Jury nullification, in which jurors refuse to convict defendants under laws they find objectionable or inappropriately applied, is a favored tactic of many libertarians who, rightly or wrongly perceive individual liberty as, at best, a minority taste among their neighbors. They like the idea of a tool that can be wielded on the spot to shield people from powerful control freaks without first having to win a popularity contest. But nullification is useful only if people know about. And last week, New Hampshire’s governor signed a law requiring the state’s judges to permit defense attorneys to inform jurors of their right to nullify the law.

On June 18, Governor John Lynch signed HB 146, which reads:

a Right of Accused. In all criminal proceedings the court shall permit the defense to inform the jury of its right to judge the facts and the application of the law in relation to the facts in controversy.

Short, simple and to the point. Nullification advocate Tim Lynch, of the Cato Institute, thinks it’s a step in the right direction, though not necessarily a game-changer. Says he:

This is definitely a step forward for advocates of jury trial.  Allowing counsel to speak directly to the jury about this subject is something that is not allowed in all the courthouses outside of New Hampshire–so, again, this is good.  I am concerned, however,  that this language does not go far enough.   We don’t know how much pressure trial judges will exert on defense counsel.  As noted above, if the attorney’s argument is “too strenuous,” the judge may reprimand the attorney in some way or deliver his own strenuous instruction about how the jurors must ultimately accept the law as described by the courtnot the defense.  I’m also afraid what the jurors hear will too often depend on the particular judge and, then, what that judge wants to do in a particular case.

So the law is an improvement over the old order, especially in an era when courts and judges are overtly trying to suppress jury independence, but one whose effectiveness is yet to be determined.

But is this faith in jury nullification misplaced? How likely are we and our neighbors to symbolically flip our middle fingers to the powers that be and free defendants charged with, say drug offenses or gun law violations? After all, the power has long existed, but you don’t often hear of juries staging revolts.

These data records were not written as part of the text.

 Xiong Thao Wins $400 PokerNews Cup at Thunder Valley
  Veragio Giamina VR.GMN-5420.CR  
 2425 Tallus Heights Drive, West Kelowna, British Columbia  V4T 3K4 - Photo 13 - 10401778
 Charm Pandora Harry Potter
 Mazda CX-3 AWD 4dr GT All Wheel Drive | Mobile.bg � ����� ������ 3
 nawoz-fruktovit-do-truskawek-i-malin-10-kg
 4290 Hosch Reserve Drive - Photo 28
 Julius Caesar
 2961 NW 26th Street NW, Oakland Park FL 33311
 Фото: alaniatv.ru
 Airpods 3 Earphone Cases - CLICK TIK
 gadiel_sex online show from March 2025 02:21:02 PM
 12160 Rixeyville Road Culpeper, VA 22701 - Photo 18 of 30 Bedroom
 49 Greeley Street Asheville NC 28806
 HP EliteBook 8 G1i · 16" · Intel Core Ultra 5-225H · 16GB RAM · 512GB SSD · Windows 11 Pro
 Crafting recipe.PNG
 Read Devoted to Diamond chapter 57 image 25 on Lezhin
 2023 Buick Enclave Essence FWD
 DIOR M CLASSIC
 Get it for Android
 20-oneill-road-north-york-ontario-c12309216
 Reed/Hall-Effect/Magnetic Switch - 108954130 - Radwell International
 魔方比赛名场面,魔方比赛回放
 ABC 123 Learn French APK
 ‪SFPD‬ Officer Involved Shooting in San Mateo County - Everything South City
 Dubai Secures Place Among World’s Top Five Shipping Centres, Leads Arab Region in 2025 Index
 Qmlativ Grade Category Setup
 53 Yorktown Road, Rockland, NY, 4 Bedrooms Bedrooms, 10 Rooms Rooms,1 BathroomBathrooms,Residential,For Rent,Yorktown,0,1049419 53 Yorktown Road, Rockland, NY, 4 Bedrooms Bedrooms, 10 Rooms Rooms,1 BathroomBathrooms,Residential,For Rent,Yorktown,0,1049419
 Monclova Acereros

It does happen, though, as a much-covered 2010 Montana case demonstrates, when a trial never even started because the court was unable to find enough jurors willing to convict somebody for marijuana possession. And a lot of nullification may fly under the radar, because it results in hung juries rather than full acquittals, and because judges and prosecutors really want to keep it quiet.

Back in 1999, the Washington Post wrote:

In courthouses across the country, an unprecedented level of juror activism is taking hold, ignited by a movement of people who are turning their back on the evidence they hear at trial and instead using the jury box as a bold form of civil protest. …

The most concrete sign of the trend is the sharp jump in the percentage of trials that end in hung juries. For decades, a 5 percent hung jury rate was considered the norm, derived from a landmark study of the American jury by Harry Kalven Jr. and Hans Zeisel published 30 years ago. In recent years, however, that figure has doubled and quadrupled, depending on location.

That article featured a pre-gunrunning Eric Holder objecting that, “There is a real potential danger if this problem goes unchecked.”

The article’s hung jury estimate wasn’t just guess work. A 2002 study (PDF) on hung juries by the National Center for State Courts found that “In 63% of cases in which the jury deadlocked, the majority of jurors voted in favor of conviction compared to 24% of cases in which the majority of jurors voted in favor of acquittal …” Such numbers are considered a strong, if not conclusive sign of widespread nullification.  Two of that study’s authors, Paula Hannaford-Agor, of the National Center for State Courts, and Valerie P. Hans, of Cornell Law School, penned a 2003 paper (PDF)  published in the Chicago-Kent Law Review that said:

The criminal justice community has become increasingly concerned about the policy implications of jury nullification, especially as jury nullification manifests itself in hung juries. A number of communities, especially in California, report that up to one-quarter of all criminal jury trials routinely result in mistrials due to jury deadlock.

That paper also concluded that strictly defined nullification isn’t always distinguishable from doubts about the strength of a case, since the two tend to run together when jurors are skeptical about the credibility and legitimacy of police and the courts.

So jury nullification may be one of those things we’re already soaking in without realizing it, because people with doubts about the law stubbornly bring acquittals or deadlock juries without painting their actions in political colors. Now, in New Hampshire, maybe we’ll get to see what happens when jurors are told that what they’re already doing is officially OK.